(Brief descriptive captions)
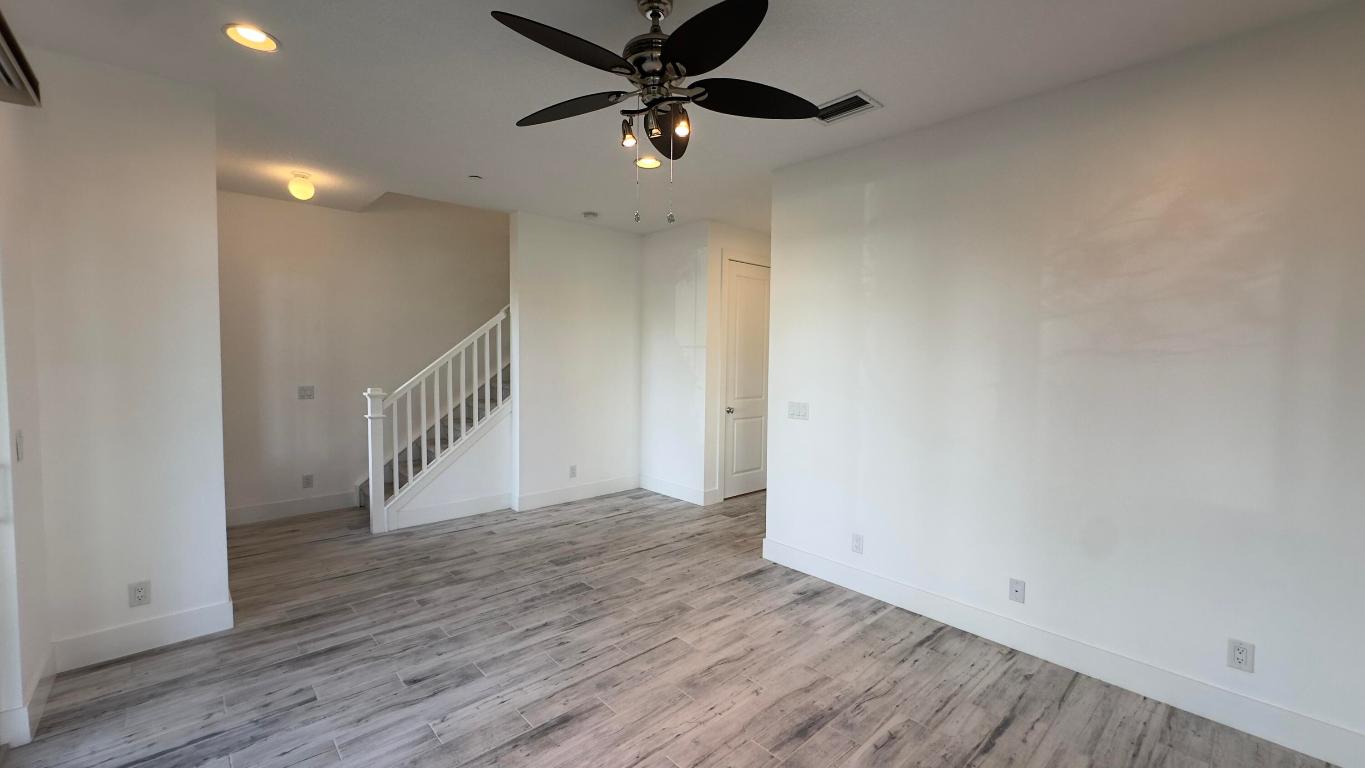 ALTON NEIGHBORHOOD - Residential Lease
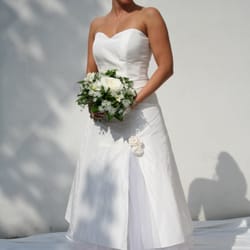 Dressmaker Braut & Abendmode - Freches Brautkleid im Stiel der 50er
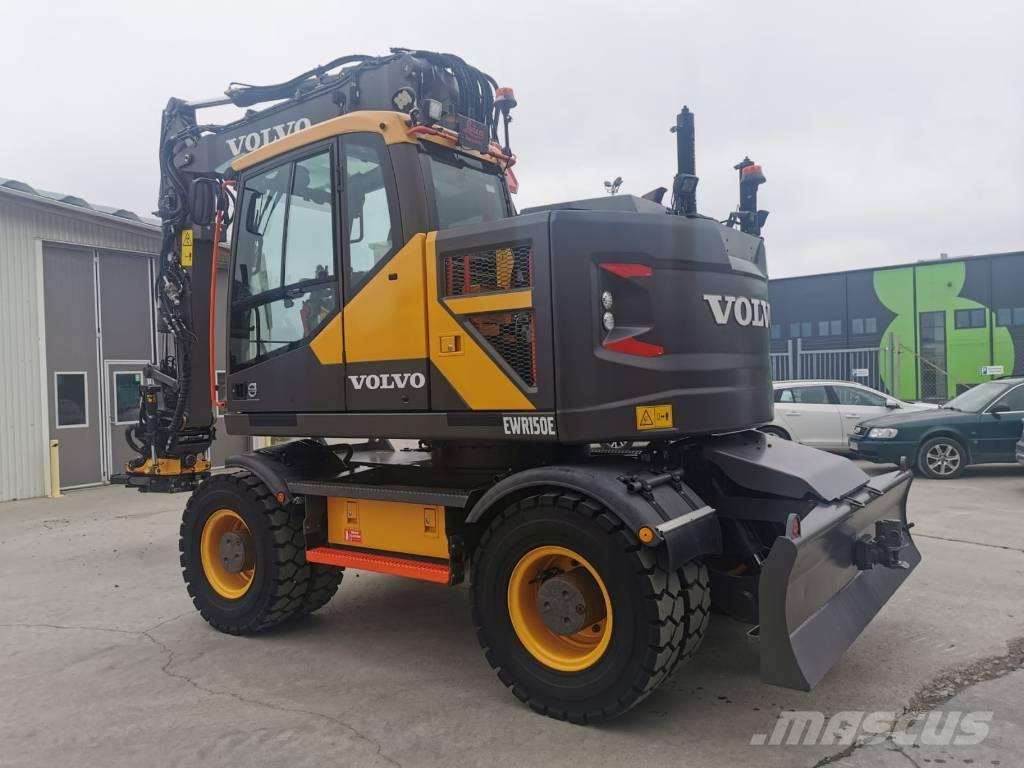 Volvo EWR 150 E Pelle sur pneus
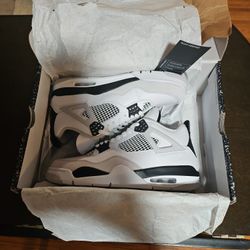 Air Jordan 4 Retro Military Black 9.5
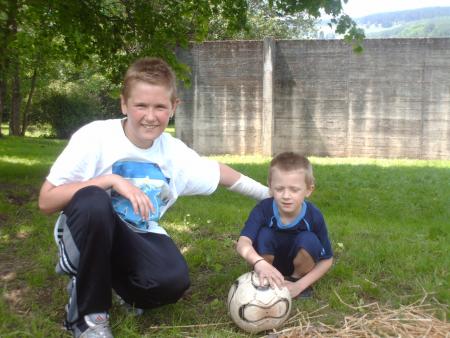 MES 2 ANGES VOUS SOUHAITENT UN BON LUNDI KISS CARO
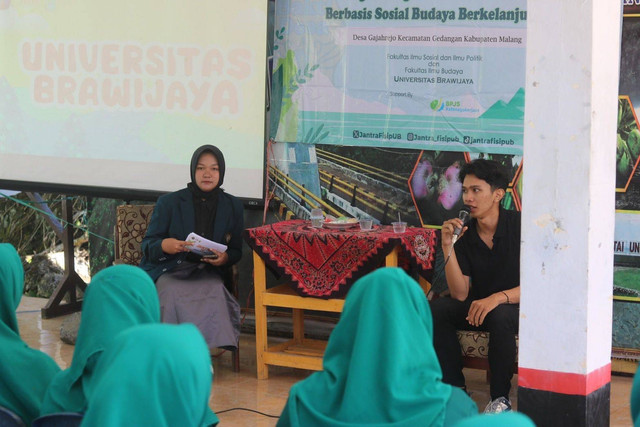 Ilustrasi. Ibu PKK dan pelaku UMKM mengikuti seminar bersama Achmad Derajat di balai desa Gajahrejo, Senin  (15/7/24).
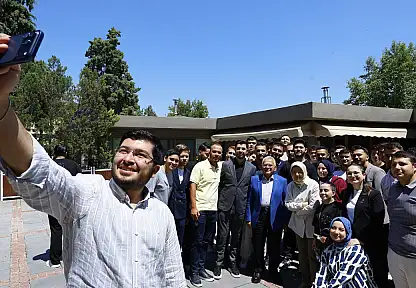 Ayşe Böhürler: 'Türkiye Yüzyılı'nı gençlerle omuz omuza inşa edeceğiz'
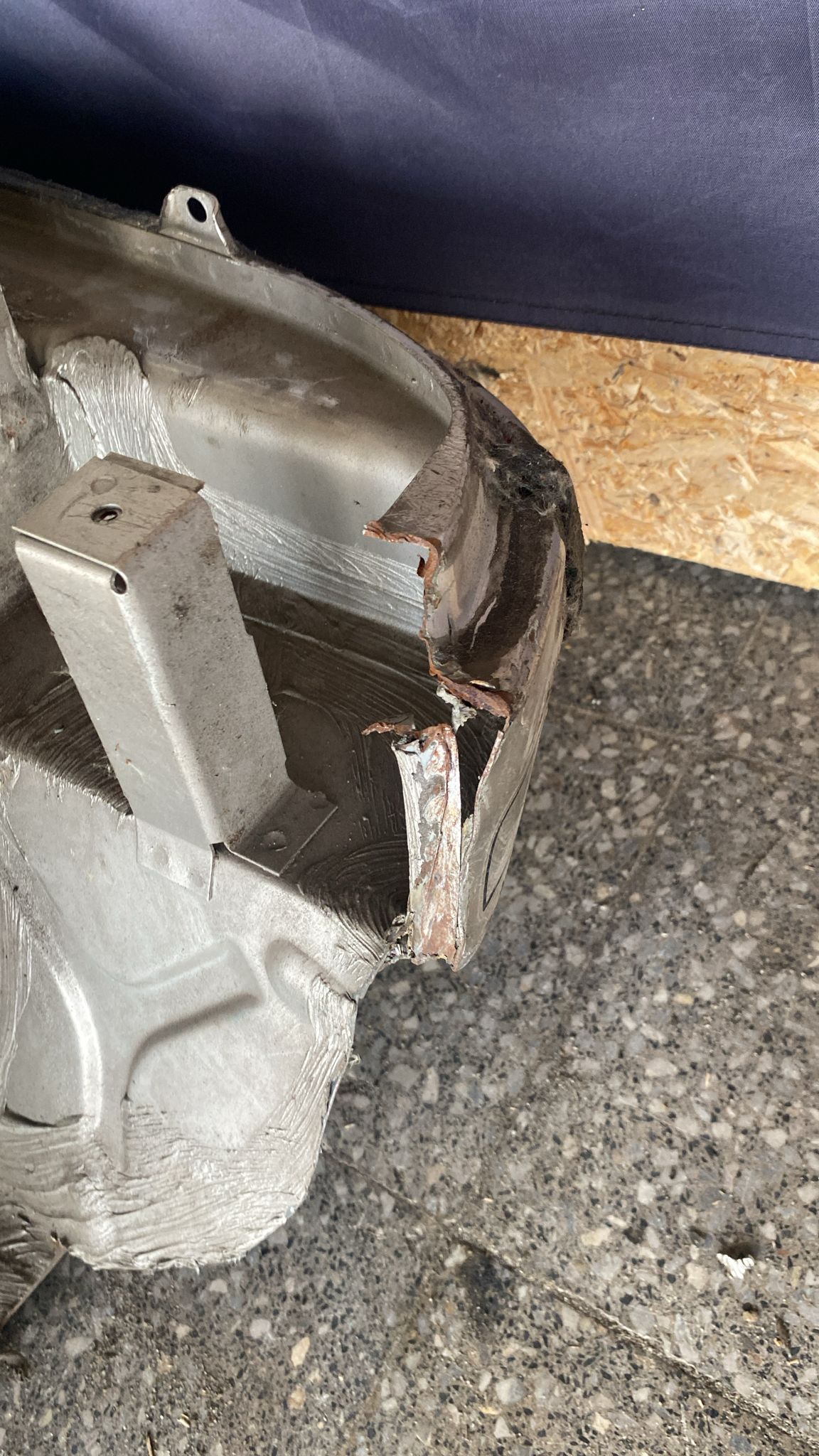 Porsche 944 complete rear cut used, 94450303701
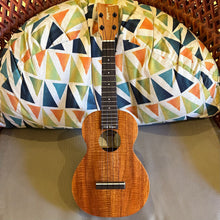 Load image into Gallery viewer, Kamaka HF-2 Concert Ukulele #260176
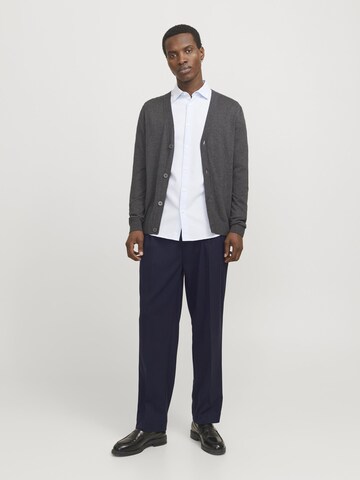 Loosefit Pantalon à plis JACK & JONES en bleu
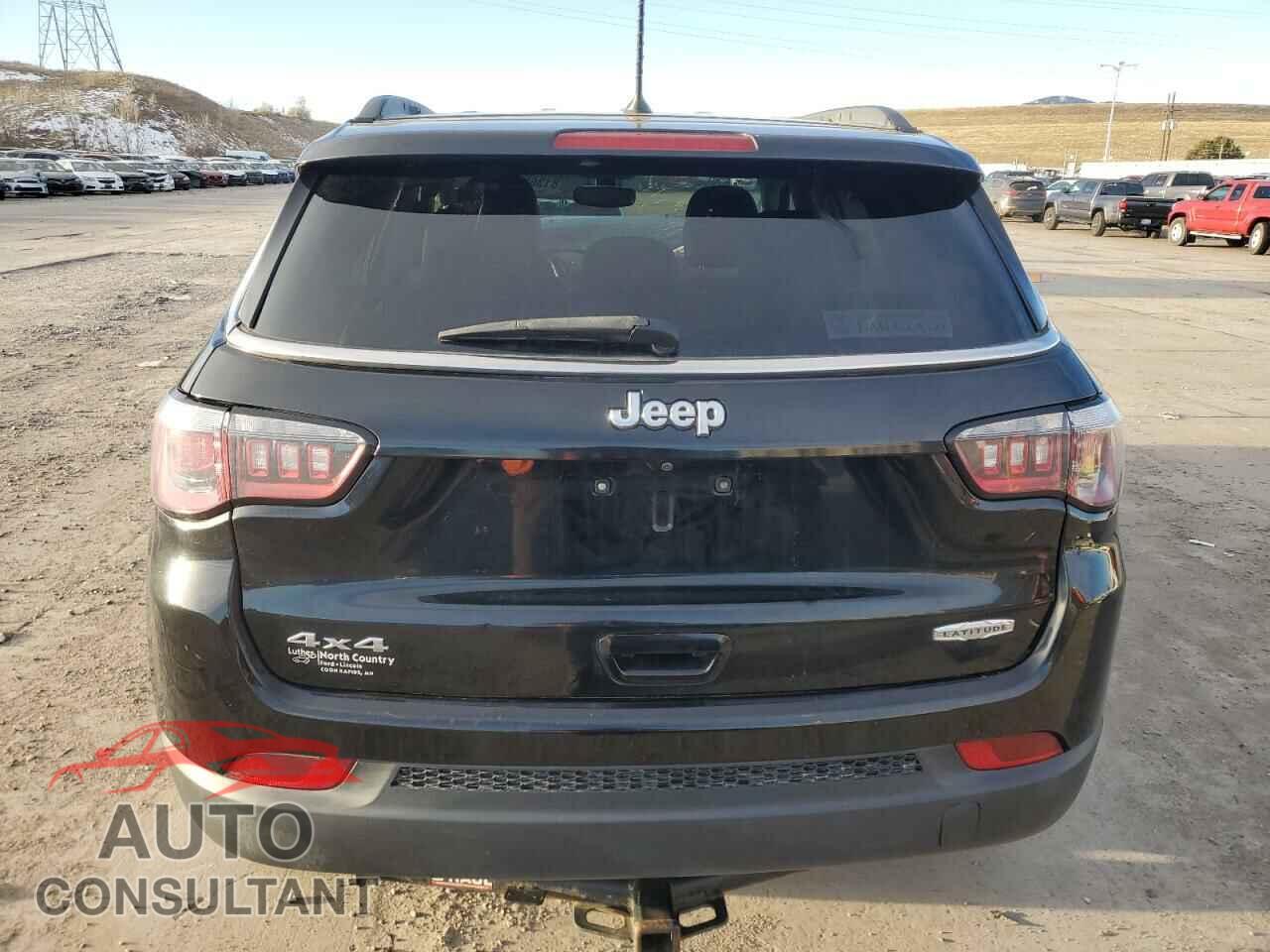 JEEP COMPASS 2017 - 3C4NJDBB4HT680329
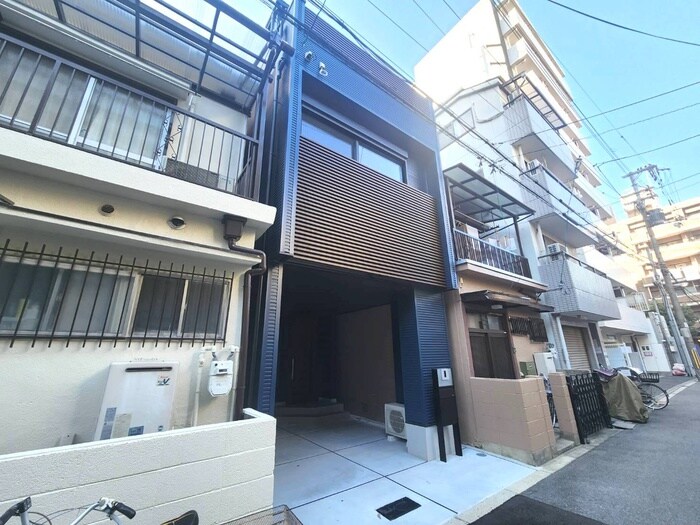 東三国5丁目貸家の物件外観写真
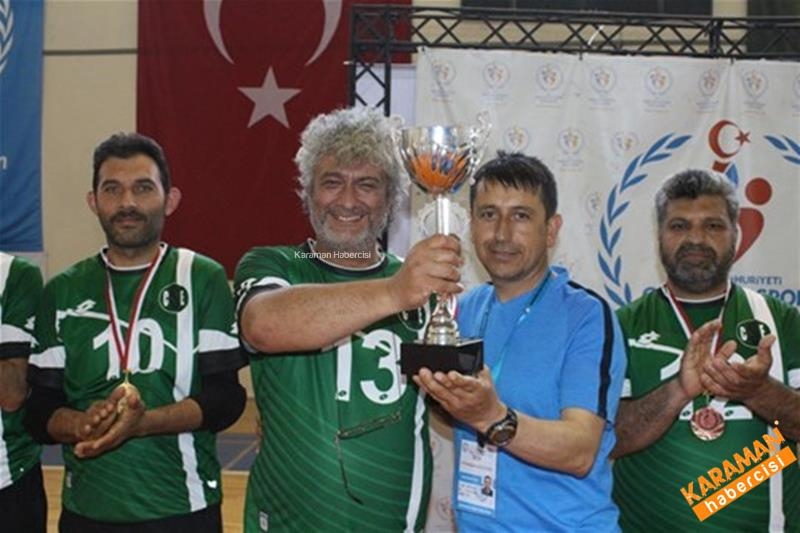Oturarak Voleybol’da Süper Lig’e Yükselen Takımlar Belli Oldu 19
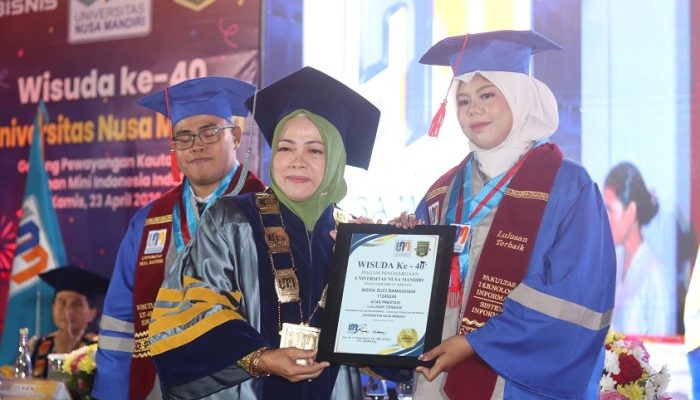 Wisudawan Terbaik UNM Raih IPK 4.00, Ini Rahasia Suksesnya!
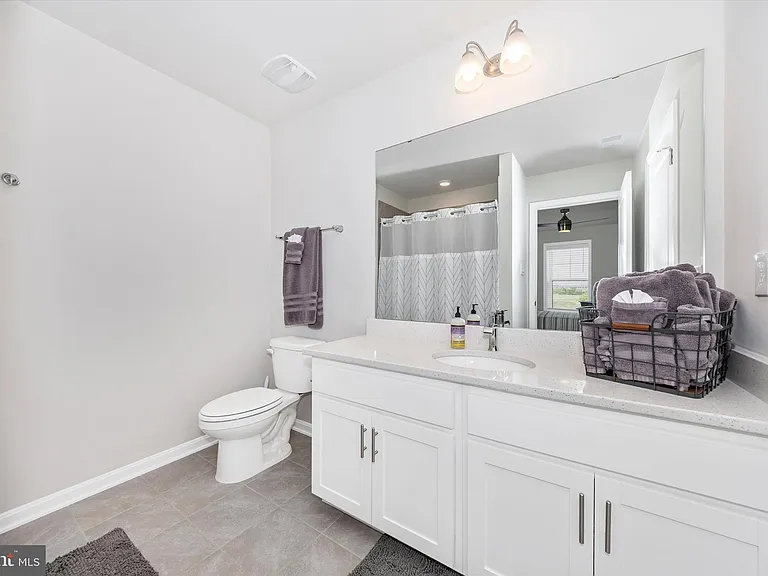 700 Bond St — Photo 26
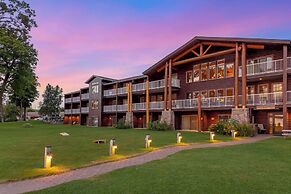 Best Western Premier The Lodge on Lake Detroit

# Work order
Please give back exactly the lines from the first line of the records above through the line containing "JEEP COMPASS 2017 - 3C4NJDBB4HT680329", only those and both included, with the pictures removed.

# Response to the exercise
 ALTON NEIGHBORHOOD - Residential Lease
 Dressmaker Braut & Abendmode - Freches Brautkleid im Stiel der 50er
 Volvo EWR 150 E Pelle sur pneus
 Air Jordan 4 Retro Military Black 9.5
 MES 2 ANGES VOUS SOUHAITENT UN BON LUNDI KISS CARO
 Ilustrasi. Ibu PKK dan pelaku UMKM mengikuti seminar bersama Achmad Derajat di balai desa Gajahrejo, Senin  (15/7/24).
 Ayşe Böhürler: 'Türkiye Yüzyılı'nı gençlerle omuz omuza inşa edeceğiz'
 Porsche 944 complete rear cut used, 94450303701
 Load image into Gallery viewer, Kamaka HF-2 Concert Ukulele #260176
 Loosefit Pantalon à plis JACK & JONES en bleu
 JEEP COMPASS 2017 - 3C4NJDBB4HT680329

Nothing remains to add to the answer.